Letter to The Honorable John Boehner, Speaker, U.S. House of Representatives

Letter

Date: March 31, 2011
Issues: Environment

Congresswoman Chellie Pingree is urging House Republican leaders not to use a budget bill to rush through 19 separate environmental rollbacks that would make it harder to stop air and water pollutions.

"The Republicans are using the budget bill that will keep the government operating to try and push through 40 years of bipartisan environmental regulation," Pingree said. "These provisions are a handout to big corporate polluters, would endanger public health and would do nothing to reduce our budget deficit."

The 19 "riders" are attached to a spending bill that would keep the government operating for the remainder of the year, and include provisions that would block the EPA from enforcing regulations to regulate greenhouse gas and other toxic air pollutants and protecting certain endangered species.

Pingree has written a letter to House Speaker John Boehner, which has been signed by over 50 of her fellow Democrats, urging him not to include the anti-environmental provisions in the Continuing Resolution budget bill.

"We would like to work with you to find common ground on a CR to fund the government for the remainder of FY11, but we would have very strong reservations about supporting a long-term CR that limits the Administration's authority to protect air, water, and environmental quality, and its Supreme Court-mandated duty to protect public health," the letter says.

Full text of the letter

March 31, 2011

The Honorable John A. Boehner
Speaker of the House of Representatives
H-232, U.S. Capitol Building
Washington, D.C. 20515

Dear Speaker Boehner,

As Democratic Members of Congress who voted for a recent, clean Continuing Resolution (CR) to continue funding for the government, and who would like to avoid a shutdown of essential government operations, we write to strongly urge you not to include anti-environmental policy "riders" in the long-term CR for Fiscal Year 2011 (FY11).

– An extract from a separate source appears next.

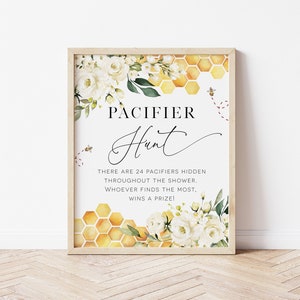 Bee Pacifier Hunt Game, Baby Shower Game Sign, Floral Bee Pacifier Hunt Sign, Pacifier Hunt Sign, TEMPLETT, WLP-FBE 5453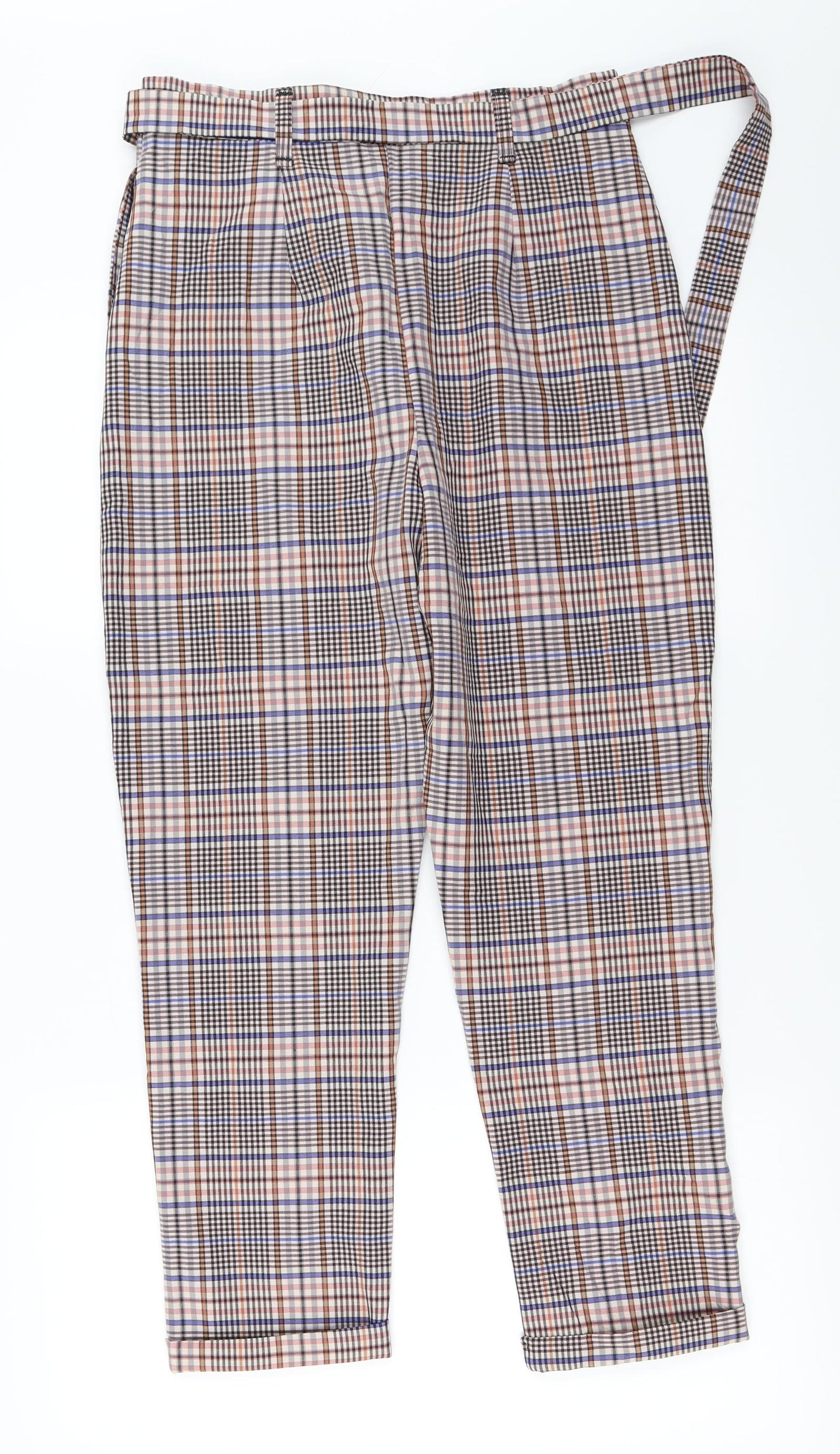 nastygal  Womens Beige Check  Trousers  Size 8 L24 in - with Belt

The appropriations process and the authorizing process are two important, but distinct, congressional responsibilities. We feel strongly that these policy provisions, which would significantly jeopardize the protection of American communities and ecosystems, should not be included in a bipartisan budget bill.

H.R. 1, which was passed by the House of Representatives in February 2011, contained 19 anti-environmental riders that would negatively affect air, water, and environmental quality, through a wide range of provisions, including preventing the Environmental Protection Agency (EPA) from proposing, implementing or enforcing any regulations on stationary sources of greenhouse gas emissions, limiting toxic emissions, preventing the EPA from restoring certain waterways, and preventing the Administration from protecting wilderness areas and certain endangered species. These anti-environmental riders would roll back 40 years of bipartisan efforts to strengthen environmental protections. As you know, the U.S. Senate refused to consider this legislation.

The two recent short-term CR's that were passed into law did not include these policy riders. The most recent of these measures passed the House on February 19 and the Senate on March 17, and will keep the government funded until April 8. Fifty-four House Republicans voted against this short-term CR, and we were among the House Democrats that voted for one or both of these measures, which also passed the Democratically-controlled Senate. We believe that the next, long-term CR will need to attract similar bipartisan support.

The push amongst some in the Republican Conference to include anti-environmental riders in a long-term CR is greatly concerning. While these riders do not reduce federal spending, they would precipitously alter 40 years of environmental statute. A budget bill is not the appropriate venue to make significant policy changes without going through the proper hearing and markup process in committees of authorization. We would like to work with you to find common ground on a CR to fund the government for the remainder of FY11, but we would have very strong reservations about supporting a long-term CR that limits the Administration's authority to protect air, water, and environmental quality, and its Supreme Court-mandated duty to protect public health.